With the concentration of people's shopping habits on online systems, the need for fast and reliable solutions in detecting the fraud activities of businesses operating in this field has increased.
According to the Ecommerce Fraud Statistics1, $24 billion were lost worldwide due to fraudulent activities in 2018. This information highlights the importance of fighting against fraud activities and the strong need for fraud detection systems.
Before the emergence of machine learning supported fraud detection, rule-based systems were used for detection, or even it was handled manually by teams consisting of dozens. However, this was highly open to various mistakes and mispredictions due to the possibility of making the wrong decisions or defining missing rules. Also, the inability to detect new types of fraudulent methods and associated low accuracy and slow decision-making processes caused inefficiencies.
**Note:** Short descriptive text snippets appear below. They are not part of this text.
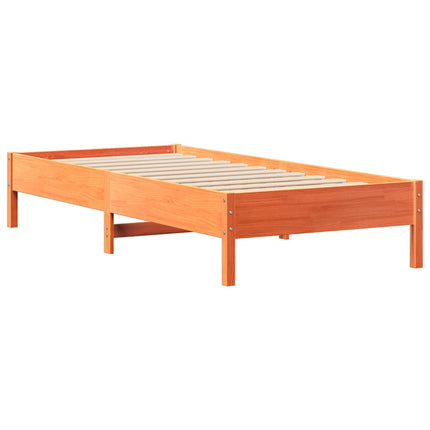 sengeramme uden madras 90x200 cm massivt fyrretræ gyldenbrun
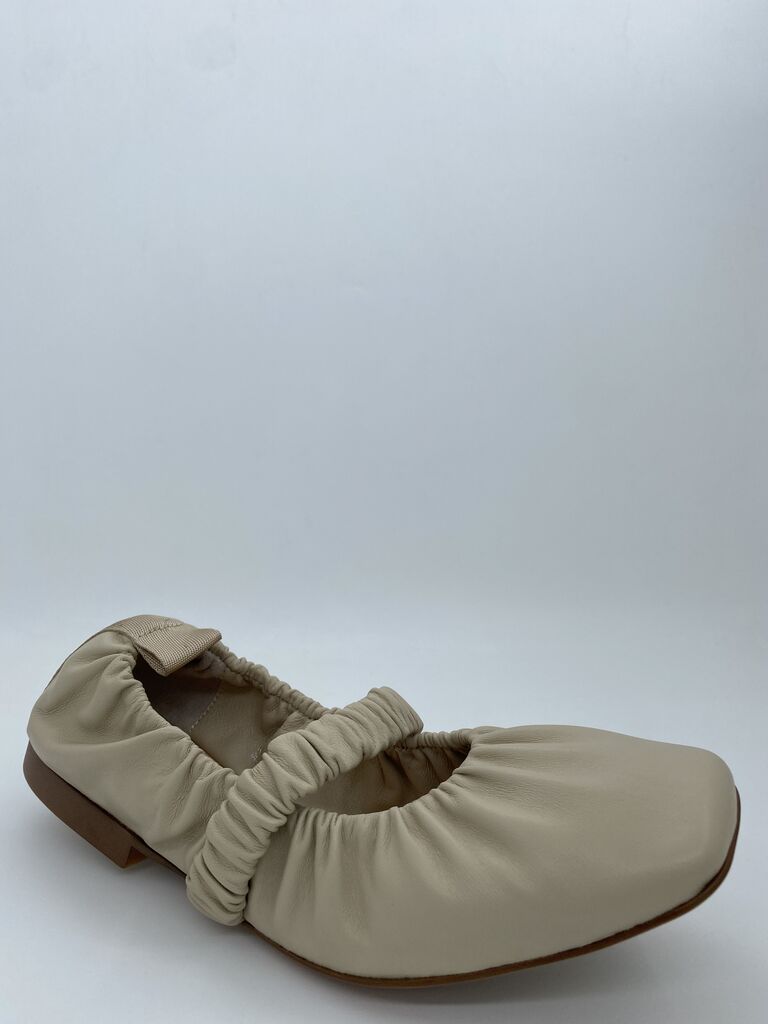 Beige Elasticated Ballet Flats with Ruched Detail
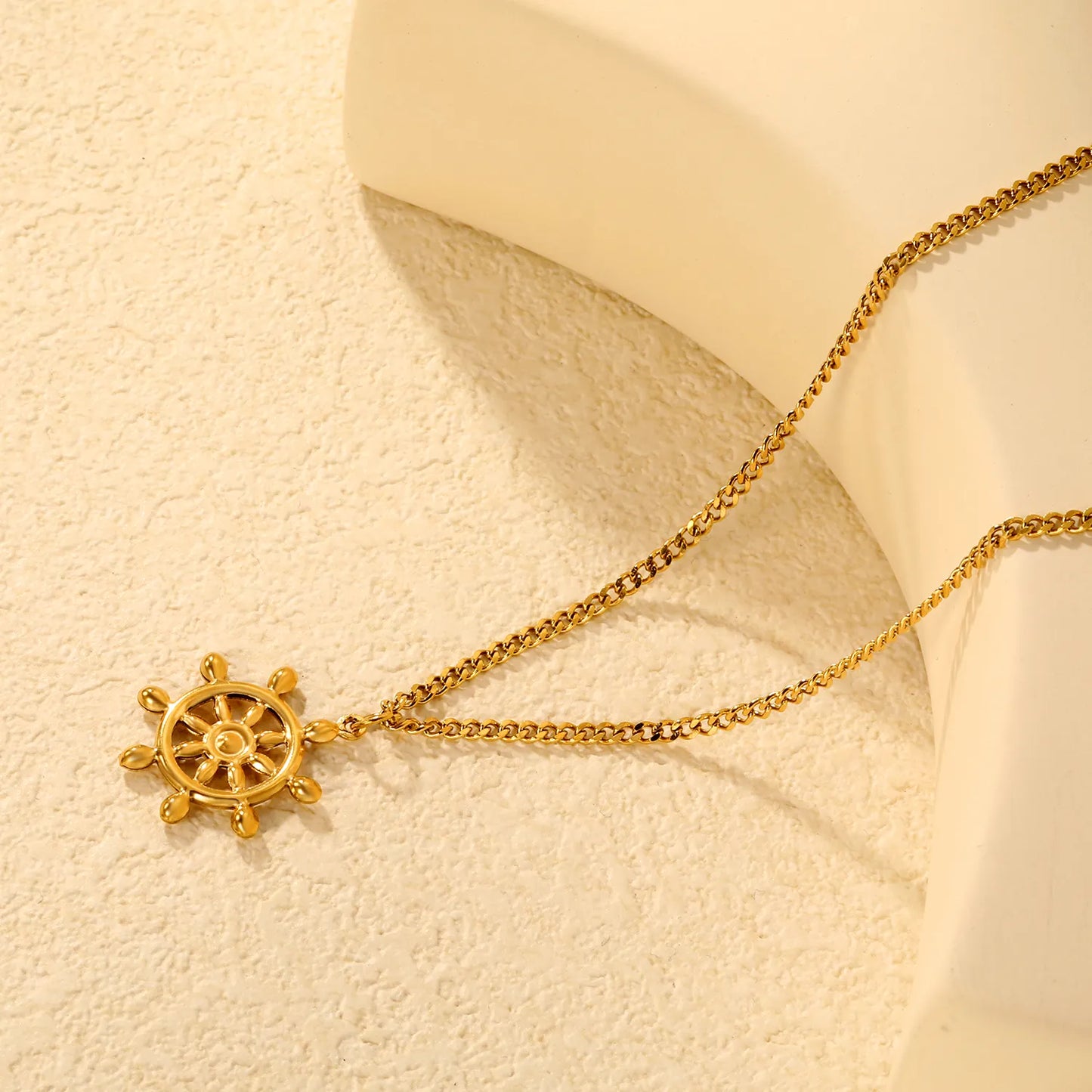 Necklace 2mm Double-Sided Brushed Finish 40+5cm + Round Pendant Gold - Asonjewelry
Machine-Learning based detectors can analyze hundreds of transactions in a second with the maximum accuracy so that the businesses can save money and the genuine customers are kept from cancellation of their orders.
AWS announced the general availability of the Amazon Fraud Detector service in late July 2020 and shared its more than 20-years of experience with the customers. Amazon Fraud Detector service uses your own historical data as the dataset. So, the ML model that you create is specialized to catch fraudulent activities based on your own business model. The best thing about this service is that it requires no prior machine learning experience.
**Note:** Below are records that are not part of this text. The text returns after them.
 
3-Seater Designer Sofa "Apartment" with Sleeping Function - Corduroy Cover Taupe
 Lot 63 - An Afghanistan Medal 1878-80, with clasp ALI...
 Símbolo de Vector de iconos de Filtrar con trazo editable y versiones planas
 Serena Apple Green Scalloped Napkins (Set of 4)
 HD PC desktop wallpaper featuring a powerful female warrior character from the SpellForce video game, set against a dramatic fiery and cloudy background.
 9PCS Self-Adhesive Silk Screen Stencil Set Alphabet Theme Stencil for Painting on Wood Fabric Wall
For the dataset, AWS recommends using historical data of 3-6 months long with a minimum of 10.000 lines and 2-variables. However, the model also supports up to 100-variables, based on your needs. Also, the number of both fraudulent and legitimate rows must exceed 400 in the dataset, otherwise model training will be failed.
Amazon Fraud Detector has Amazon SageMaker integration, so if you have already created a fraud detection model before you can bring it to Amazon Fraud Detector and use it.
When it comes to pricing you pay hourly fees for model training and hosting, along with a fee per the estimate in Amazon Fraud Detector. If you use Amazon Fraud Detector without machine learning models (based on rules), costs will be less. For further details, check here.
Before we start to work on our example, let’s check some of the concepts of the Amazon Fraud Detector.
Events: Events are the activities evaluated as fraudulent.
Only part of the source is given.